I keep returning to the coincidence of our mutual sending up of flares, as if that coincidence removes responsibility, makes what followed inevitable. And I keep hearing a voice of reason that questions my logic. Is it my mother’s voice? A voice like hers, at least: cool, rational. You have known Alex was in Canada for over three years now, the voice says. And why did Alex not email or contact you before? He must have known – through Josip, or others – that you lived here. It is not my mother, though – it is my own brain. My mother does not know these details.
When we arrive at the restaurant, seeing the name, only my father is surprised. Oh! he says. Such an odd coincidence! That was the name the children gave to
that little grotto at the beach, by our summer home, wasn’t it? I’d forgotten about that. Do you think there is any connection?

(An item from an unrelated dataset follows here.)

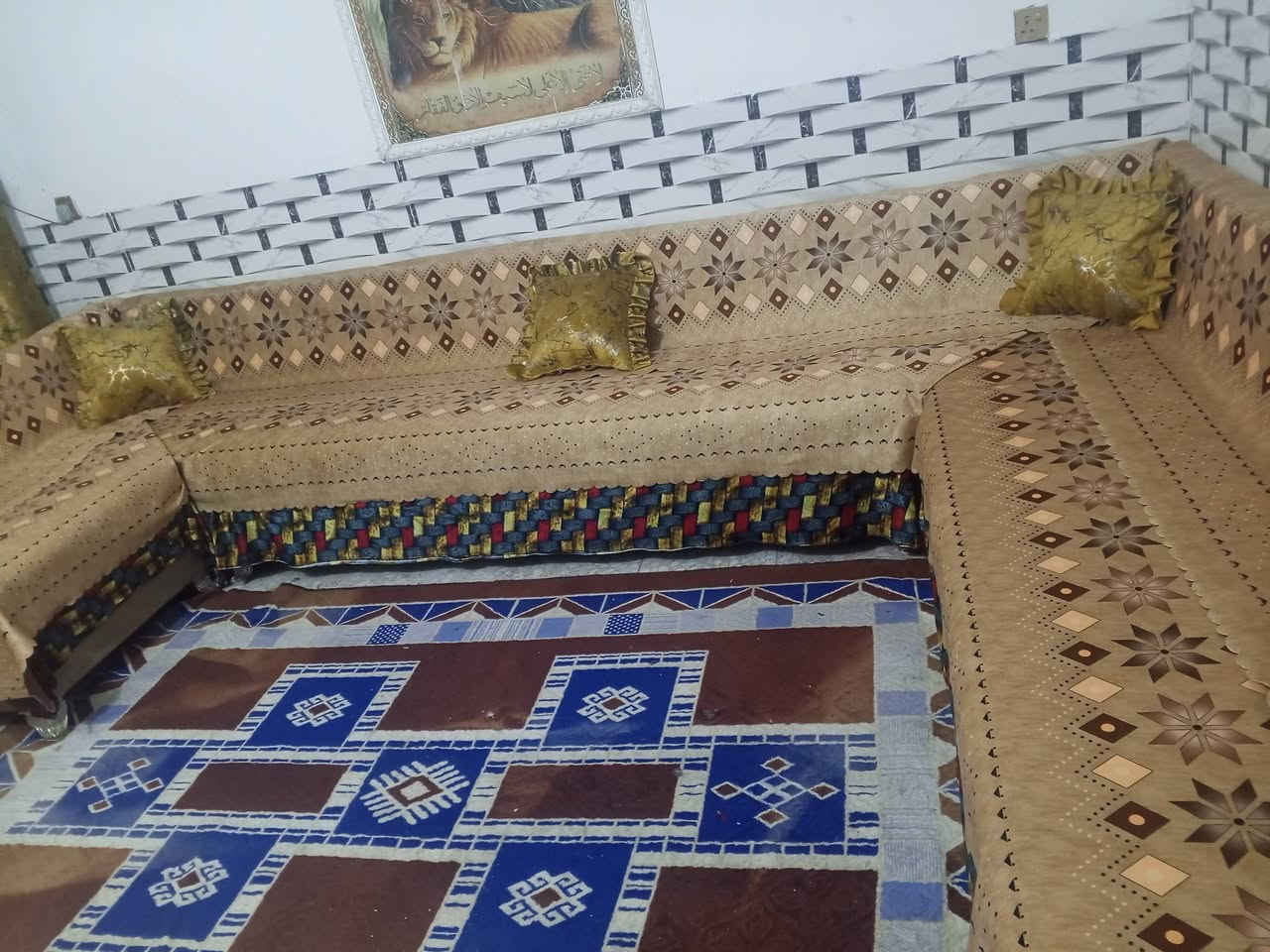 سلام عليكم 13مقعد جديد الون رصايي ماعده الكوشات الخشب ماله لوح ثقيل حسينيه مكاني***********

I notice then that my father is the only one who is innocent. My mother, my brother Paval, and I say nothing. Glen, of course, comments that the restaurant looks “dubious,” but that is not out of any covert intelligence. He had tried to subvert the plans, to get my mother’s birthday dinner changed to another location, for example a franchised steak house, where he “knew what he was going to get.”
I feel I do not need to say this: that my mother and Paval somehow know, as if I were transparent, as if they have foreseen this for years.
THIS IS NOT A WAR STORY; I have said that. I have not said that my parents are slightly different colours than each other, and that their faces show different genetic origins very clearly. Canadians are not used to that – Canadians of European descent are all blended together, northern and southern, mountain and valley races. Even my daughters’ faces show only vestiges of my father’s eyelids, his lips, and no trace of their paternal great-grandmother’s jutting Scottish jaw.
In my former country, there were three peoples – three main peoples. Some raped and tortured and murdered others. Some lost seaside villas. And some, at the time of this story, are being tried by an International Criminal Tribunal for war crimes. My father’s and mother’s families were ancient enemies, and you, in spite of your relation to my mother, were also suspect in your connections.